Por otra parte, la experta Buchely argumenta que en la actualidad el piropo tiene mayor presencia en Latinoamérica: “eso está muy vinculado a una forma de masculinidad que se ha diseminado geográficamente y tiene que ver con esta masculinidad que ocupa todos los espacios y tiene una voracidad sexual incontrolable, es como si ese elemento significara la no contención sexual”.

“Ser latino o ser caleño, en este caso particular, casi que exige que seamos de esa manera (coqueto, sexualmente atractivo) y habría una exigencia, no solamente del debería ser, sino también una normalización del piropo”, dice Carvajal.

Masculinidades no violentas y equitativas

Sin el feminismo no solo no estaría cerca el fin del piropo, sino que tampoco los hombres, aquellos que pretenden desmontar la masculinidad hegemónica, podrían tan siquiera hablar con otros sobre otras formas, esta vez no violentas e igualitarias, de habitar el mundo.

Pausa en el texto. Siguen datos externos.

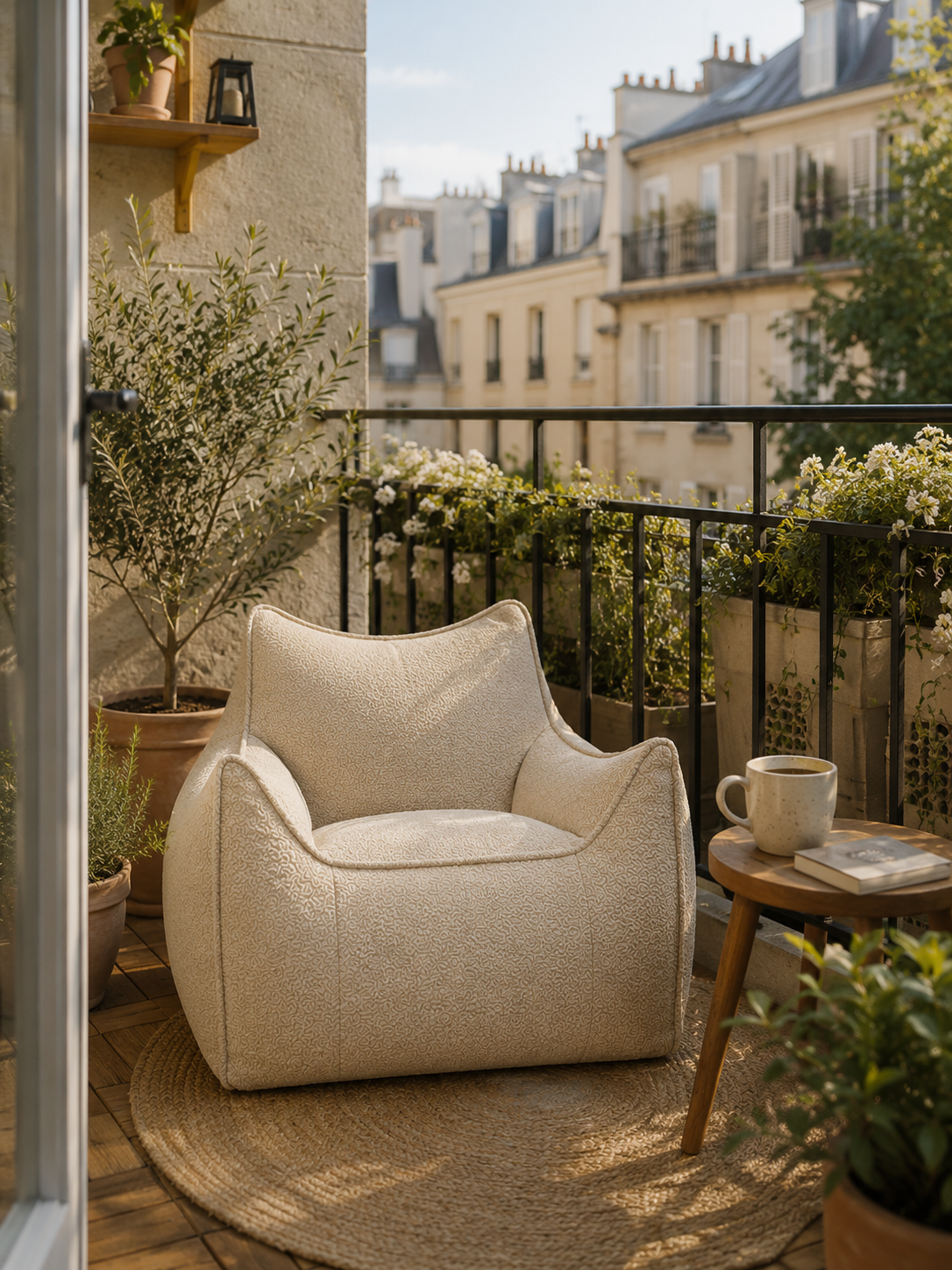 Pouf beige structuré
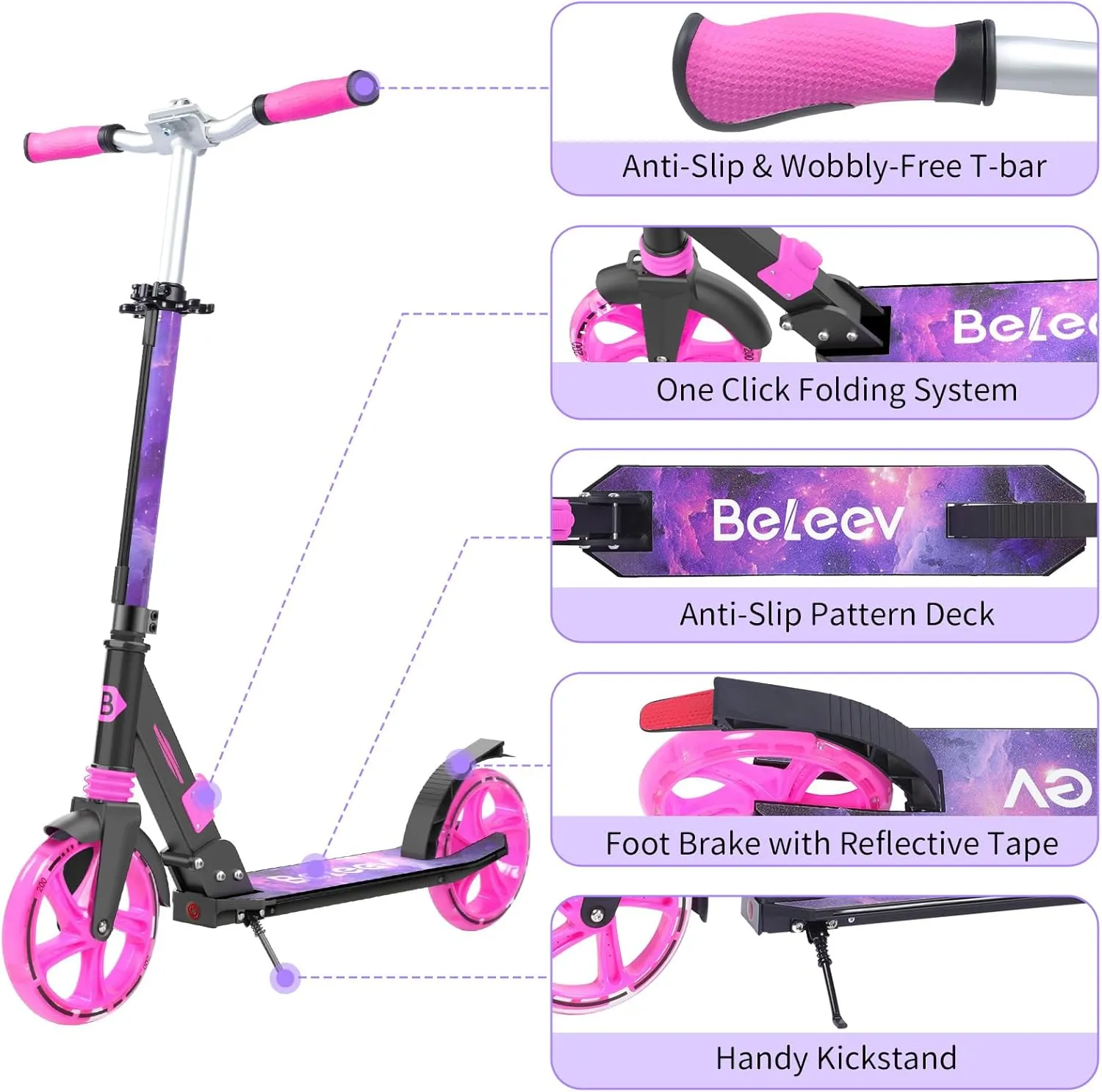 BELEEV V8 Scooters for Kids Ages 6  with Light-Up Deck, 2 Wheel Folding Scooter for Adults Teens, 4 Adjustable Height, Lightweight Sport Commuter Scooter, Sturdy Frame, Max Load 220 lbs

En palabras de Harol Valencia, promotor de masculinidades no violentas y equitativas de la Subsecretaría de Equidad de Género, “si uno crece con la mentalidad de que por ser hombre tiene un lugar privilegiado y puede ejercer poder, el piropo, básicamente, se convierte en una herramienta para eso, y nos ha hecho creer que tenemos todas las facilidades y oportunidades de decir lo que queramos a las mujeres en la calle, así sean unas desconocidas, y esta es una manera sobre cómo se cristaliza esta idea de poder de lo masculino sobre lo femenino”.

60,2% de mujeres encuestadas por la OEM siente una pérdida de autonomía en el espacio público.

¿Es posible desmontar la masculinidad como está? Valencia argumenta que no es fácil, pero la responsabilidad cae sobre los hombres, que son a la vez “victimarios y víctimas del sistema patriarcal”.